Should astronomy experiences be rated according to price like cars? Why not? Ours is a consumer society. A lot of people equate high quality with high cost. Why should the universe be different?
I refer, of course, to the wonderful Perseid meteor shower on August 11. This year, the Moon won’t interfere: ideal conditions. It’s one of the few skywatching experiences that actually can be ruined by using a telescope or even binoculars because you need a whole-sky field of view to catch the most shooting stars. As with the northern lights, the shower just cannot be improved with fancy equipment.
The entire hobby or science of astronomy was once like that. You’d marvel at the Milky Way, learn the constellations, point out planets and watch them ramble against the starry background. But our obsession with equipment now makes it hard just to sit there and look up.
So how can we make the Perseid meteor shower expensive? After all, this is necessary if we’re to convince our materialistic friends it’s worthwhile.

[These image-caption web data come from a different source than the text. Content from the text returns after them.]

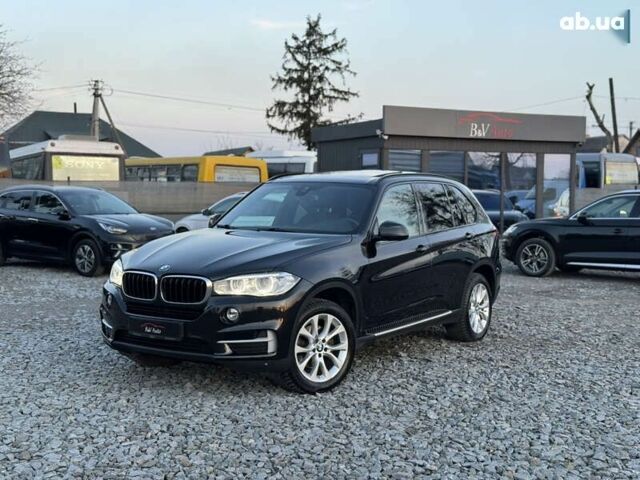 БМВ Х5, объемом двигателя 3 л и пробегом 345 тыс. км за 27000 $, фото 2 на Automoto.ua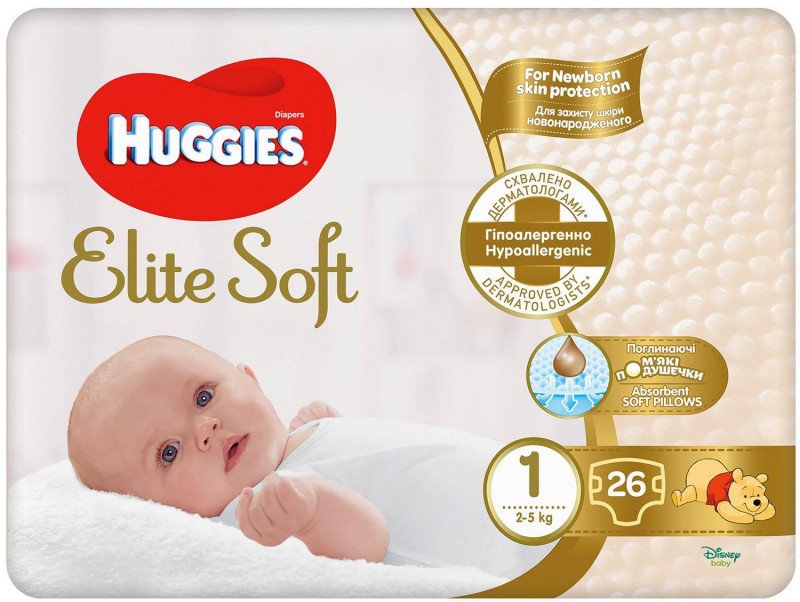 pieluchy huggies ultra komfort olx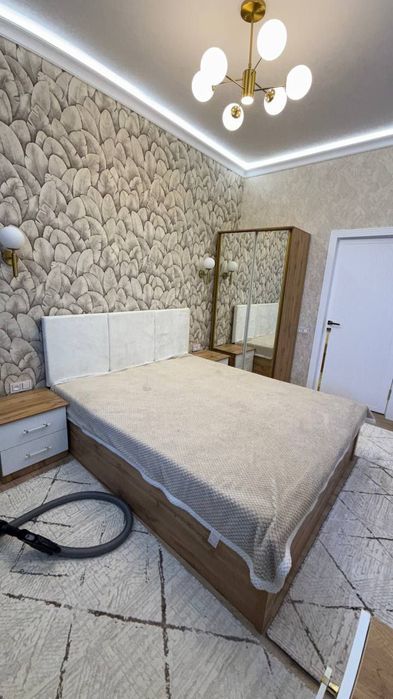 Premium Lux Новастройка 2 хона 2 этаж Икарда жойлашган.Агентство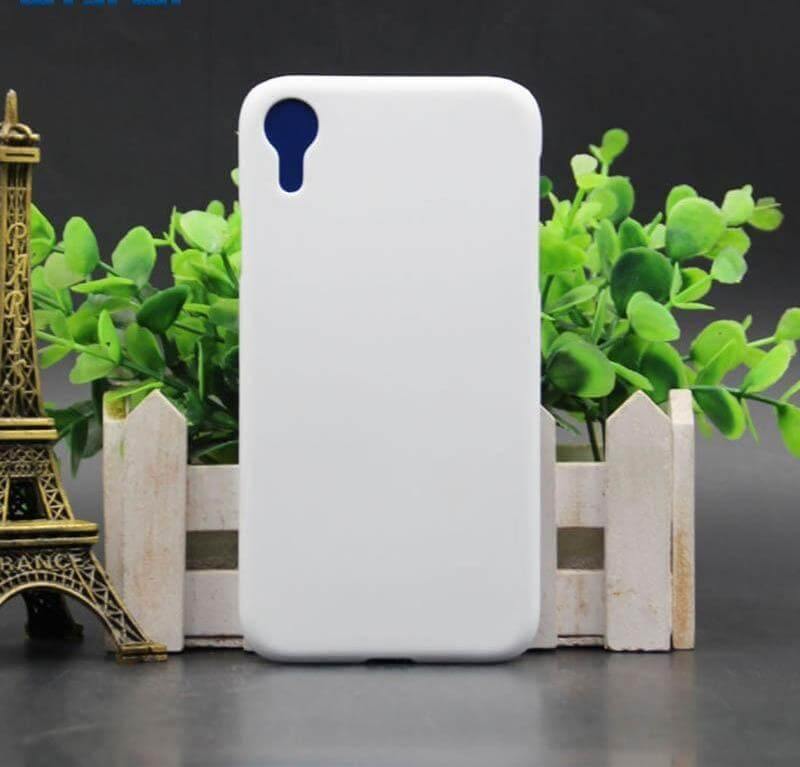 3D sublimation mold printed Iphone XR - MaviGadget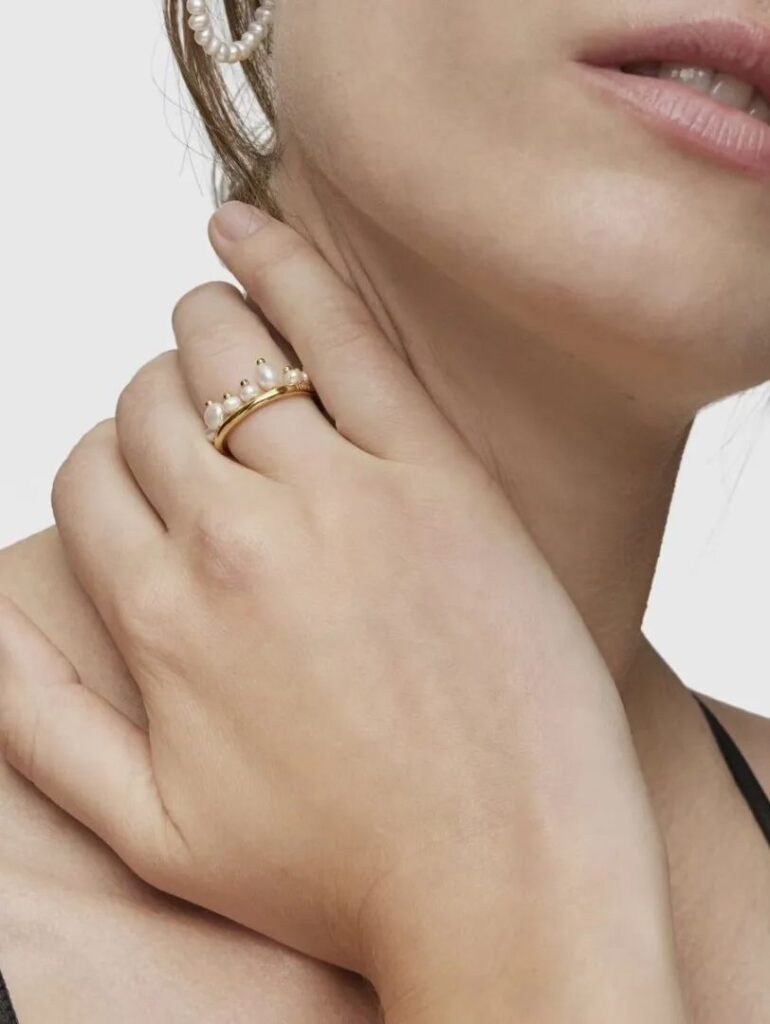 Valentine's Day Jewelry Trends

Textbooks say amateurs still can do “useful science” when it comes to meteors. Great — but what can we buy, what do we do? Easy, just count the meteors each hour.
Count them? That’s it?
All right, there’s some equipment for this event. A red LED console attached to a button can keep a running total without having to keep track yourself. But while such a gizmo is cool, it just isn’t pricey.
So how’s this: an EKG that blips and counts each time you gasp? Because bright meteors make everyone draw an involuntary breath, that would work. Or perhaps we could attach that LED counter to a headset microphone running to a decibel meter registering sound, so it tallies each time anyone proclaims, “Whoa!” or “Did you see that one?”
Still too cheap? Then travel. Meteors are much better from the country than the city, so you need to go somewhere to optimize the experience. A desert is absolutely optimal. How about Chile? Think I’m joking? Look at the ads. There are more and more overseas-adventure-type astro-expeditions organized around events that you can see from home. I’ve been the lecturer on a bunch of them. When Comet Hale-Bopp came around a few years back, Tom Bopp, Fred Whipple, and I did a “Comet Cruise” to the Caribbean. It was packed, despite the fact that you’d see the comet just as well from Kansas. So round up your family or friends and head for the Greek island of Limnos for the Perseids. It’ll sound impressive, guaranteed, and the meteors will be appreciated much more when they cost a hundred bucks apiece.
(While this is all tongue-in-cheek, there’s truth behind it. A long time ago, I’d let friends attend my college classes for free. Then I discovered that they were the only students who would arrive late or raise their hands and wisecrack. I finally realized that many people do not value what they get for nothing. I started insisting that friends pay to attend the lectures like everyone else, and wham!, their attitude in class totally changed.)
So forget Messier-type catalogs with objects listed by magnitude, right ascension, or distance. We need to classify astronomy targets by cost of enjoyment!
Top-rated event: a total solar eclipse. You always must travel, and the trip is usually more than $3,000 for a 3-minute event. So an eclipse costs $1,000 a minute. No wonder they look so awesome.
This is why the great 1991 Baja eclipse, which lasted nearly 7 minutes, and which you could drive from Los Angeles to see, gets a low rating. That one set some people back only $70 a minute. It went on and on. We were tempted to read paperbacks by the light of the corona just to kill time until it was over.
Next: the Magellanic Clouds and other Southern Hemisphere delights. These can’t be seen from the United States; you have to journey south of the equator. That’s pricey.
Then come super-faint goodies like the crimson color of emission nebulae. For a direct view at the eyepiece, they require big apertures. Expensive equipment. In deep space, seeing red is a status thing. Like paying extra for a particular paint scheme on a motorcycle.
Meanwhile, maybe we can upgrade the meteors by finding sponsors for them. Pepsi brings you the Perseids! Alas, for this year at least, the shooting stars remain free. Let’s try to enjoy them anyway.